У меня было стойкое ощущение, что, перелетев через Польшу, я оказался все-таки не на Западе, а где-то на юго-востоке от Москвы, в какой-то поволжско-немецкой области, где местный румянощекий обкомовский инструктор в полковничьих погонах угодливо показывает прибывшему из московской Прокуратуры гостю свои владения. Даже липовая роща на Фридрихштрассе, несмотря на аккуратные асфальтовые островки в ней, была своей, родной, русской. В конце концов, я же наполовину русский, подумал я, оттого мне именно эти липы показались своими. А черт его знает, какие деревья могут быть родными моей второй генетической половине! Что там растет на моей «исторической» родине – кактусы, авокадо? Я их никогда не видел и не думаю, что мог бы назвать их родными даже наполовину…
– Говорят, что до войны здесь были роскошные отели, – трепался полковник Трутков. – Я видел фотографии. Действительно – первый класс, роскошь. Рестораны – обалдеть можно! Но ничего, Игорь Иосифович, вернетесь из Западного Берлина – мы с вами в «Ратсклере» обмоем операцию. Это на «Александер-плаце», лучший в Берлине ресторан. Даже западные немцы там заказывают столики…
Удивительным образом он умудрялся все это время обращаться только ко мне, напрочь игнорируя присутствие Гиви Мингадзе. Словно Мингадзе был просто вещью при мне, моим вторым портфелем, неодушевленным предметом, который через каких-нибудь двадцать-тридцать минут можно будет обменять вон там, за красно-белыми деревянными барьерами, которые уже возникли перед нами в перспективе Фридрихштрассе при выезде на Потсдамерплац. Даже когда утром мы в офицерском гарнизонном магазине подбирали для Гиви гражданский костюм и пальто, Трутков говорил: «Какой нам нужен размер, товарищ Шамраев? А какой мы цвет возьмем?» Человек, уходящий на Запад, уже не был для него человеком.

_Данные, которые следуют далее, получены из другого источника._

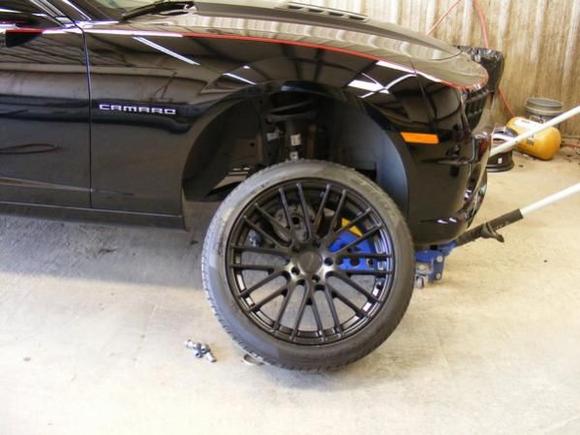 Replacing stock wheel's with brand new TSW style wheel's call "MAX" in flat black. I added red pin stripe to wheel edge next day.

В 13.00 мы прибыли на Потсдамерплац к контрольно-пропускному пункту «Чарли». Высокая бетонная стена, знаменитая Берлинская стена, была перед нами. Возле нее – башни с прожекторами, сеть маленьких квадратных домиков с узким проходом между ними к самому пропускному пункту, и бело-красные барьеры, капканы для автомобилей. А еще – восточногерманские пограничники чуть не каждые два метра и дежурные офицеры в серой военной форме. Я впервые подумал о той Ане Финштейн, с которой мне предстояло встретиться за этой стеной, в том чужом и незнакомом мире. Я впервые подумал о ней, как о живой, из плоти, женщине. Любовь к этому грузину, любовь простой русско-израильской еврейки, за которой уже три недели охотится и в Израиле и Европе вся кэгэбэшная агентура, не только сотрясла всю государственную машину страны – от КГБ, МВД и ЦК КПСС до военных штабов в Адлере, Свердловске и Берлине – но вот-вот должна была проломить эту многометровую бетонную стену с до зубов вооруженной охраной. О, как кряхтела и скрипела государственная машина, не желая уступать этой Ане Финштейн. Кровью Мигуна и его любовницы, инфарктом Суслова и гибелью совершенно непричастных к этому делу Воротникова-«Корчагина» и моей Ниночки – заплатила эта машина за свою неуступчивость. Но и еще не рассчиталась до конца – сейчас, в 13.00, убийцы Нины Макарычевой еще сидят в своих кабинетах, ездят в персональных машинах и продолжают мечтать о министерских креслах в «Правительстве Нового курса». И уже истекал 44-й час их жизни в мире, из которого они удалили ее простым толчком в спину… Держа в руке наши красные выездные паспорта, полковник Трутков уверенно повел нас мимо восточногерманских дежурных офицеров и солдат к двери металлической избушки-накопителя, где несколько иностранных туристов стояли в очереди за своими паспортами. Здесь пахло дезинфекцией и табаком, на полу валялись окурки сигарет. Полковник оставил нас и скрылся в комнате начальника таможенной службы. Я взглянул на Гиви. Он был серо-бледный, с резко очерченными скулами на худых щеках, и его пальцы напряглись добела, сжав прожженную брезентовую лагерную варежку, неизвестно как оставшуюся у него после того, как мы переодели его в этот плащ и костюм в гарнизонном универмаге. Я и сам нервничал.